## Available data

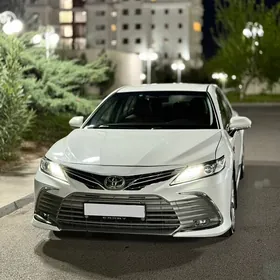 Toyota Camry Hybrid 2022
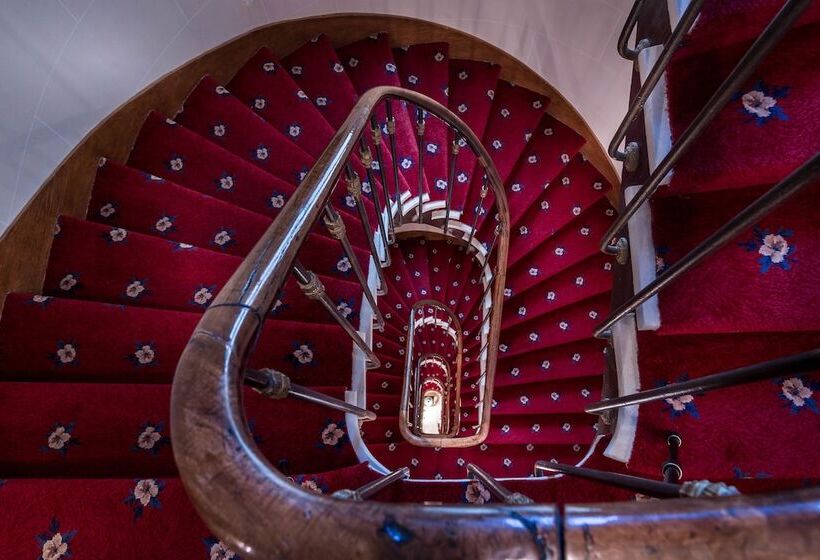 Fotos del hotel Grand Hôtel De L'univers Saint-germain:  22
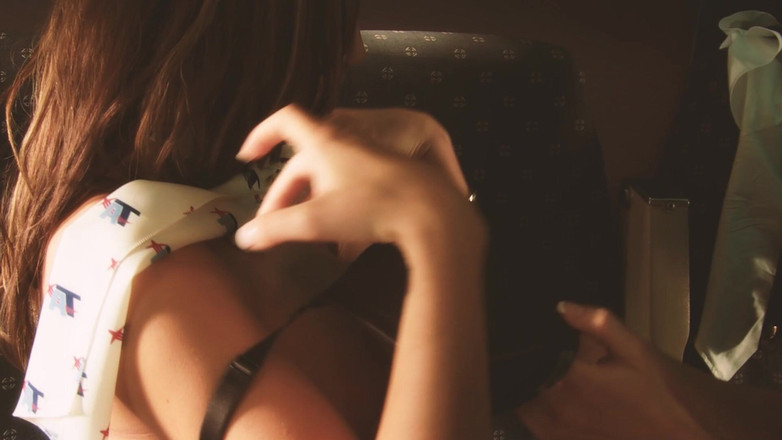 DARVASEX: Gorąca scena lotu 3_lesbian stewardesy postanawiają przetestować swoje wibratory w połowie...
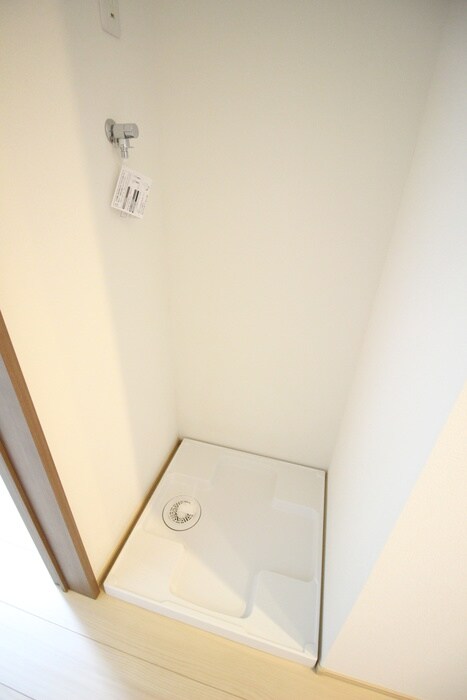 物件内観写真13　(洗濯機置場)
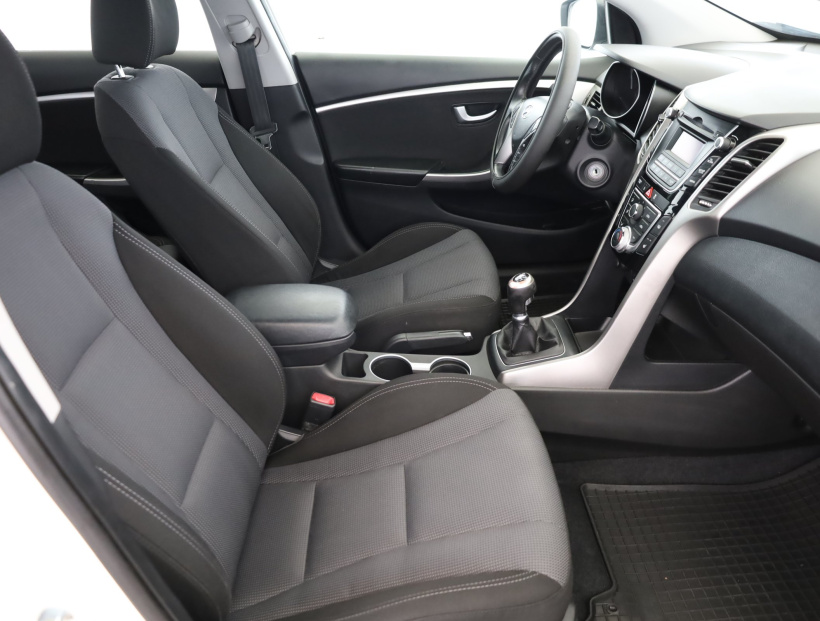 Hyundai i30, 2012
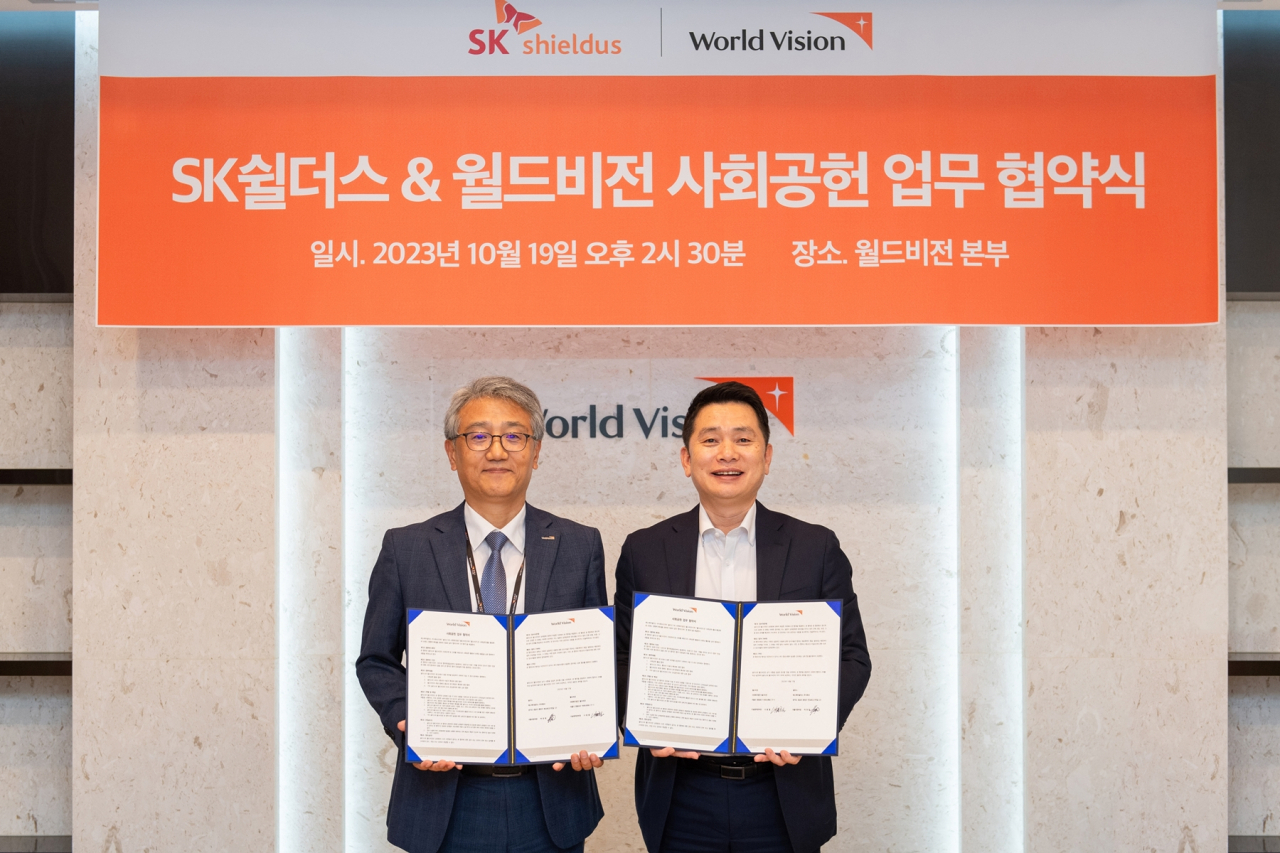 SK쉴더스 박천희(오른쪽) 서울서본부장(상무)와 월드비전 나윤철 나눔참여사업본부장이 사회공헌활동을 위한 업무협약식에서 기념 촬영을 하고 있다. [SK쉴더스 제공]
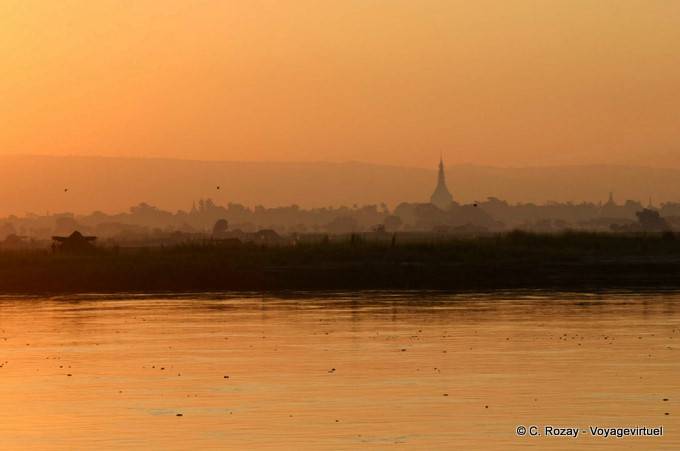 Le fleuve d'or au petit matin, Mandalay - Myanmar (Birmanie)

## Your instructions
Please retype the data exactly as it appears, but without any of its pictures.

## Task answer
 Toyota Camry Hybrid 2022
 Fotos del hotel Grand Hôtel De L'univers Saint-germain:  22
 DARVASEX: Gorąca scena lotu 3_lesbian stewardesy postanawiają przetestować swoje wibratory w połowie...
 物件内観写真13　(洗濯機置場)
 Hyundai i30, 2012
 SK쉴더스 박천희(오른쪽) 서울서본부장(상무)와 월드비전 나윤철 나눔참여사업본부장이 사회공헌활동을 위한 업무협약식에서 기념 촬영을 하고 있다. [SK쉴더스 제공]
 Le fleuve d'or au petit matin, Mandalay - Myanmar (Birmanie)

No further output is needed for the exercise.